## AVAILABLE RECORDS:
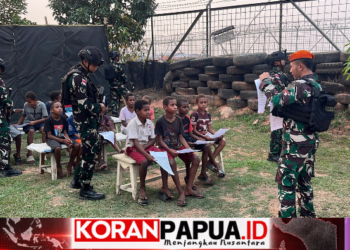 Tak Hanya Jaga Perbatasan, Prajurit TNI di Tanah Merah Bimbing Anak Papua Belajar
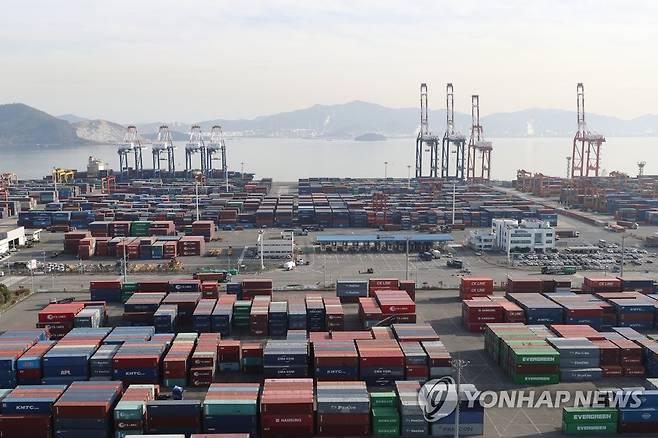 광양항 화물컨테이너 [연합뉴스 자료사진]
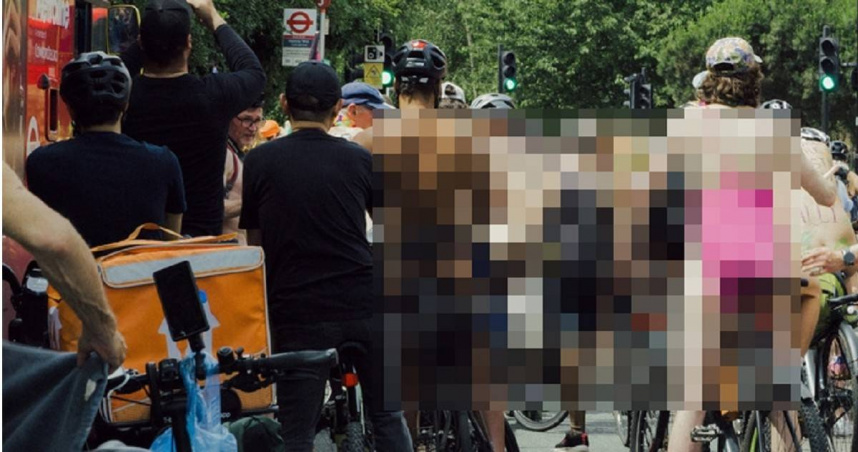 「世界裸騎活動」（World Naked Bike Ride）日前在倫敦街頭隆重登場。（圖／達志／美聯社）
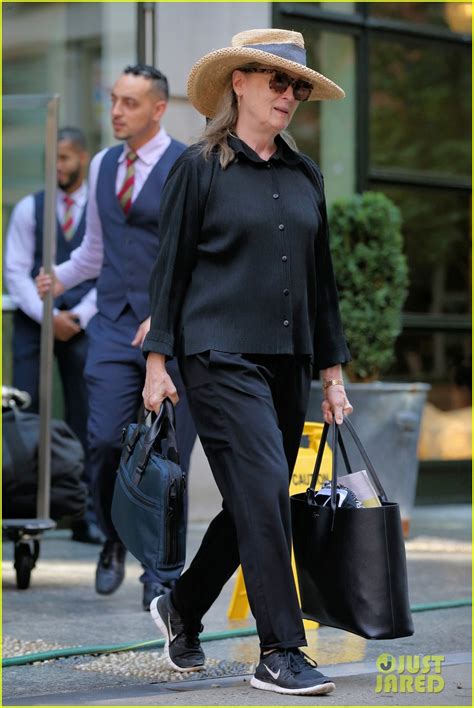 meryl streep street style.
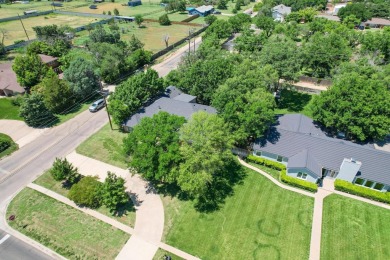 Beautiful 5-bed, 3-bath home in West Hills overlooking Amarillo on Amarillo Country Club in Texas - for sale on GolfHomes.com, golf home, golf lot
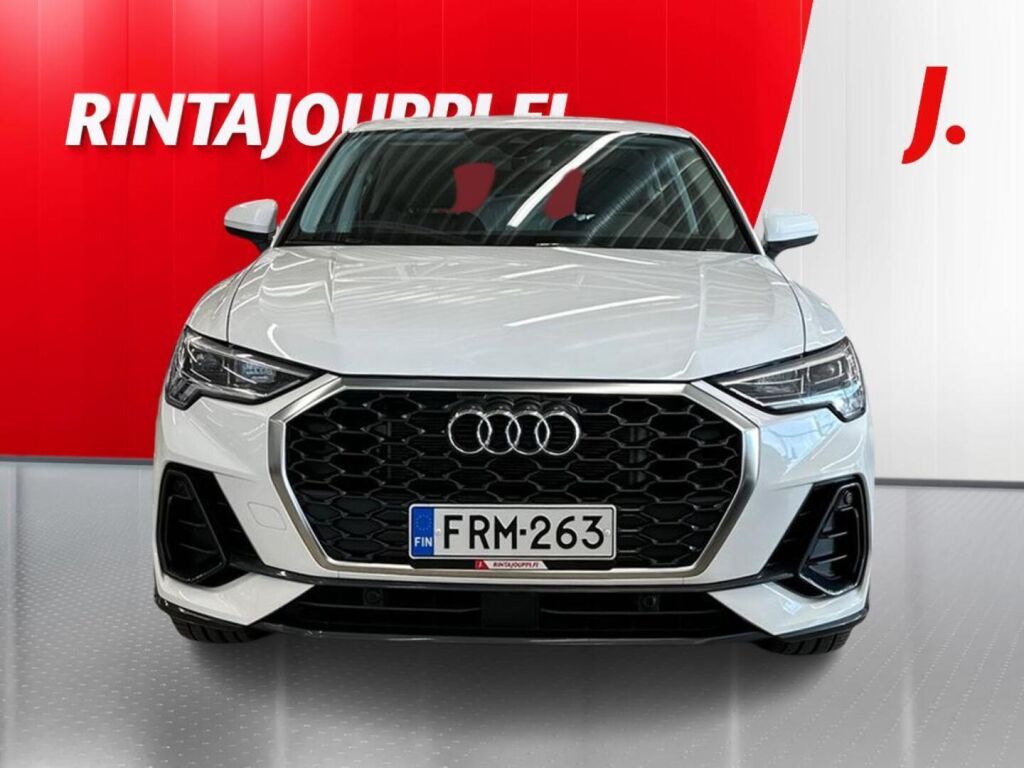Audi Q3 2024 Valkoinen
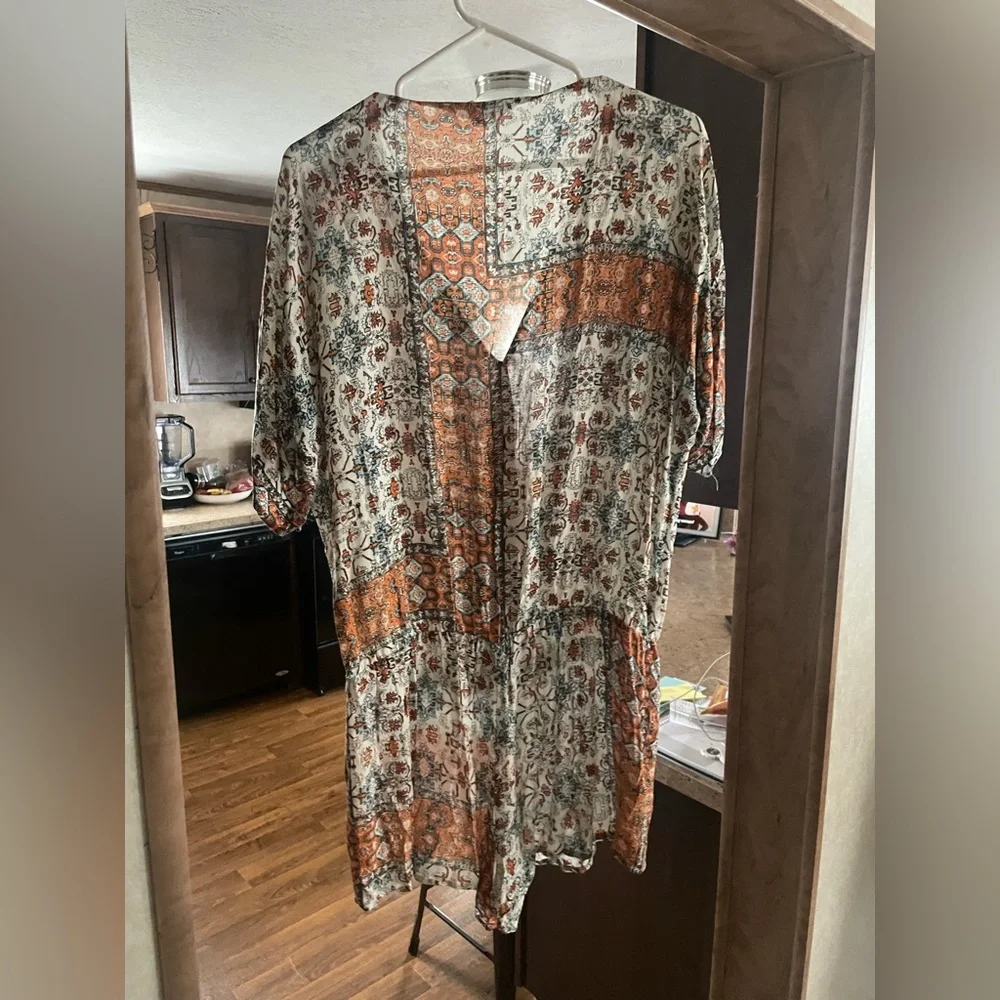 BCBG ROMPER - Picture 2 of 3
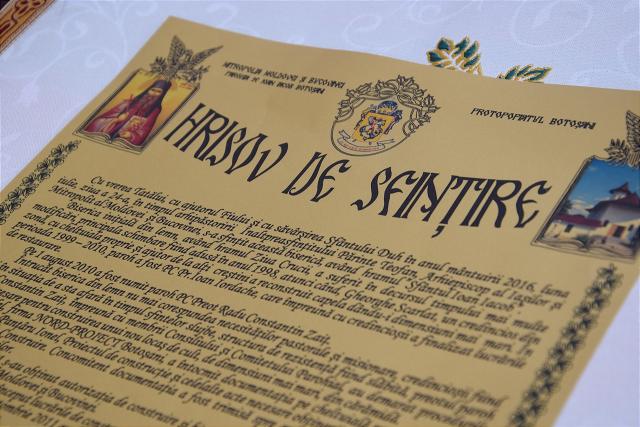 Sfințire la Botoșani: „Frumusețea unei biserici se împlineşte numai atunci când ea este plină de credincioşi”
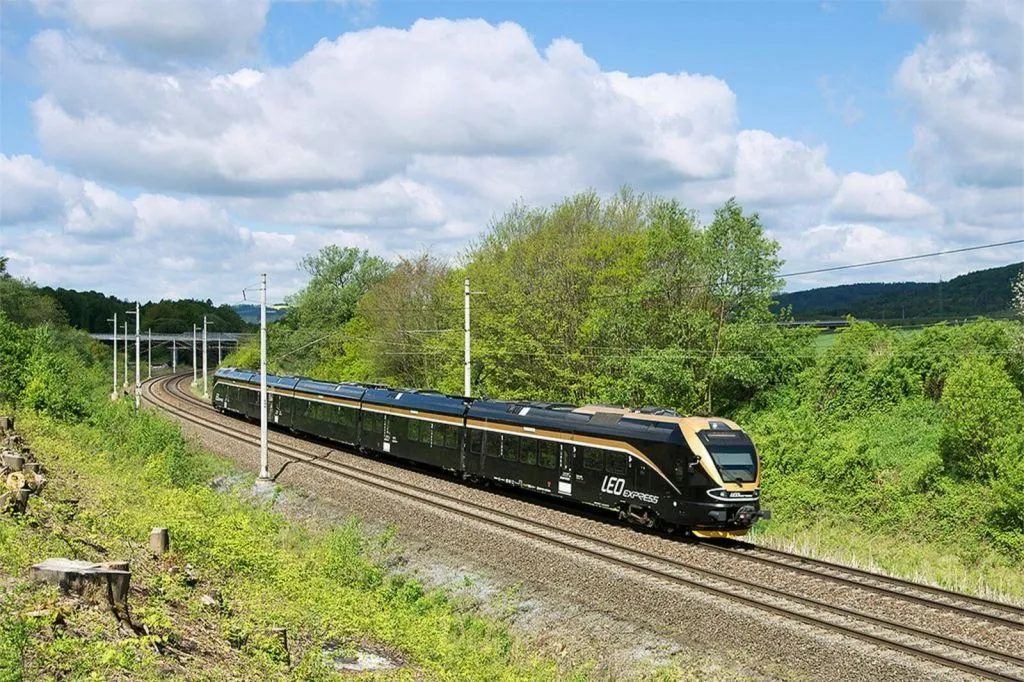 Oswiecim: Passagem de trem de/para Cracóvia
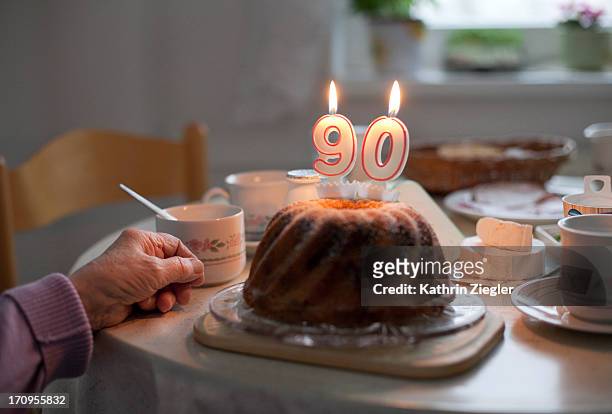 woman having breakfast on her 90th birthday - 80 jahre torte stock-fotos und bilder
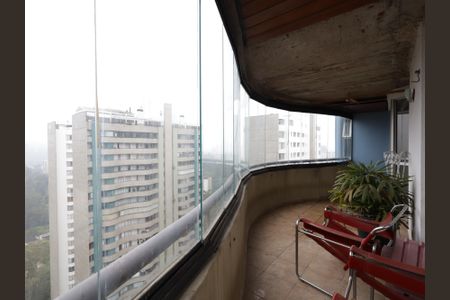 Apartamento à venda com 370m², 5 quartos e 4 vagasVaranda da Sala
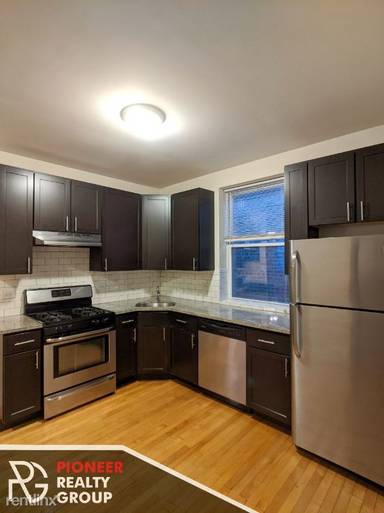 Main picture of 4837 N Wolcott Ave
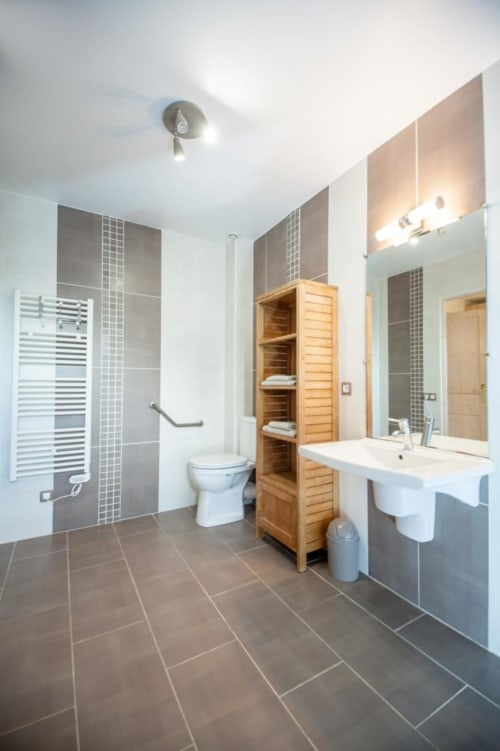 Salle de bain -gîte accessible personnes mobilité réduite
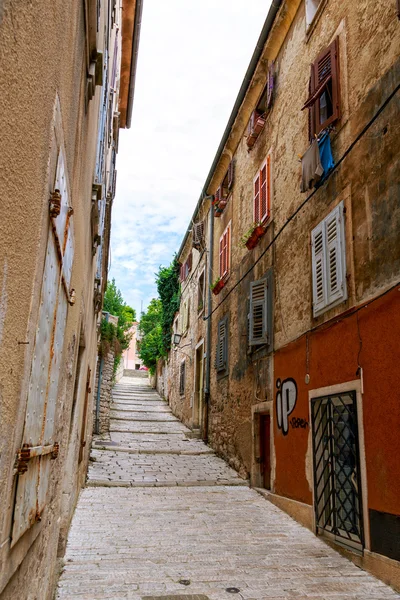 Narrow streets in Pula — Stock Photo, Image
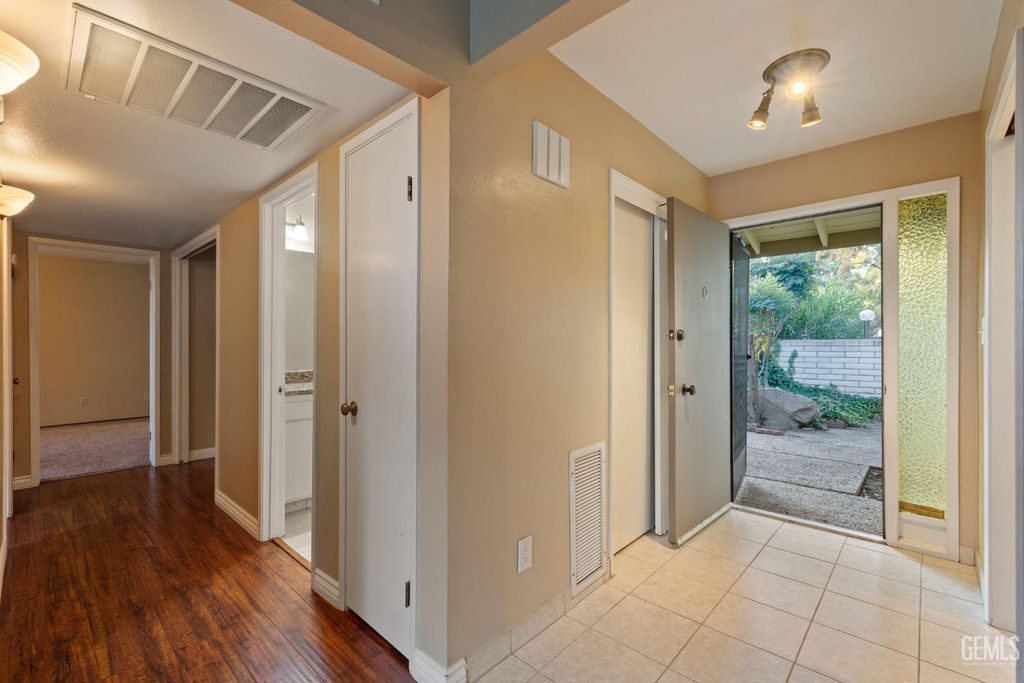 11930 Laver Court, Bakersfield, CA 93306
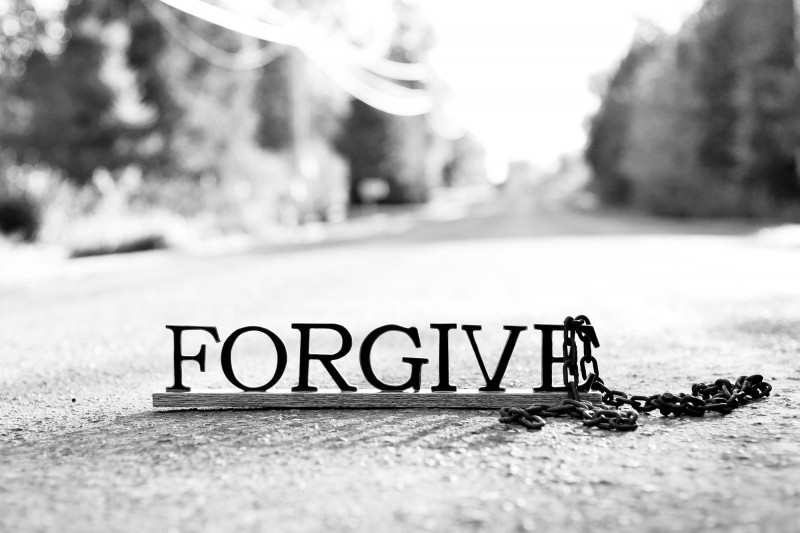 Học cách tha thứ và quên đi những hiềm khích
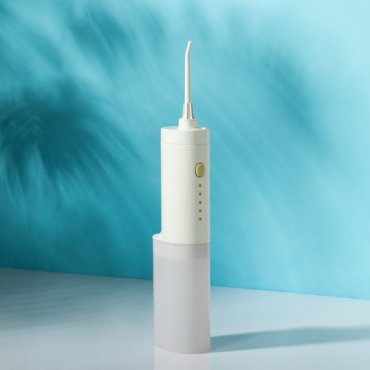 Ирригатор для полости рта LuazON LIR-02 портативный 200 мл 3 режима 1 насадка от USB 1659₽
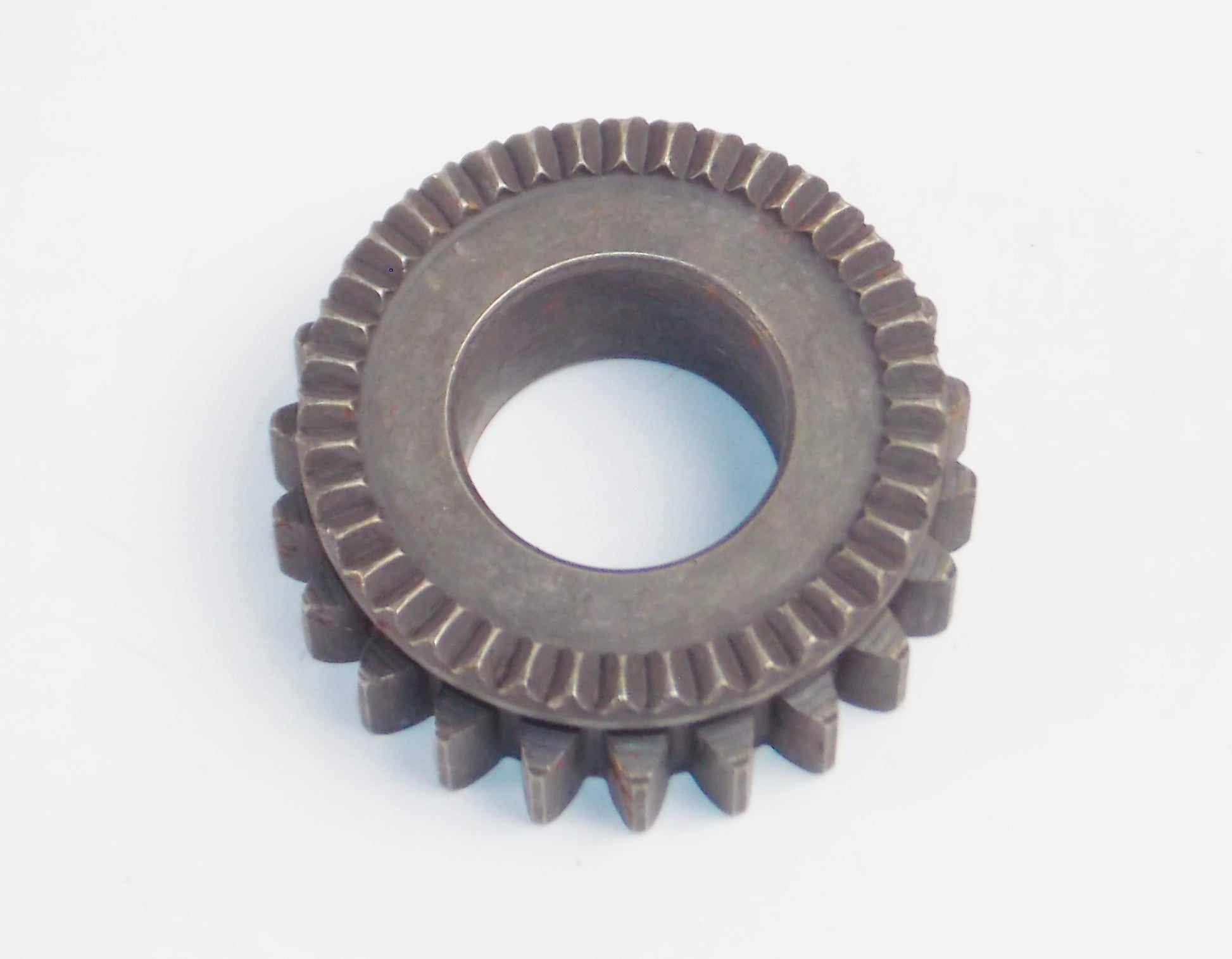 NOS OEM ZUNDAPP LAVERDA MOTOR GEAR TRANSMISSION GEARBOX 285-05  169 - MotoRaider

## DESCRIPTION OF THE TASK:
Pictures are not part of the copy. Reproduce the lines from the one with "Salle de bain" through the end of the listing above.

## RESPONSE BOX:
 Salle de bain -gîte accessible personnes mobilité réduite
 Narrow streets in Pula — Stock Photo, Image
 11930 Laver Court, Bakersfield, CA 93306
 Học cách tha thứ và quên đi những hiềm khích
 Ирригатор для полости рта LuazON LIR-02 портативный 200 мл 3 режима 1 насадка от USB 1659₽
 NOS OEM ZUNDAPP LAVERDA MOTOR GEAR TRANSMISSION GEARBOX 285-05  169 - MotoRaider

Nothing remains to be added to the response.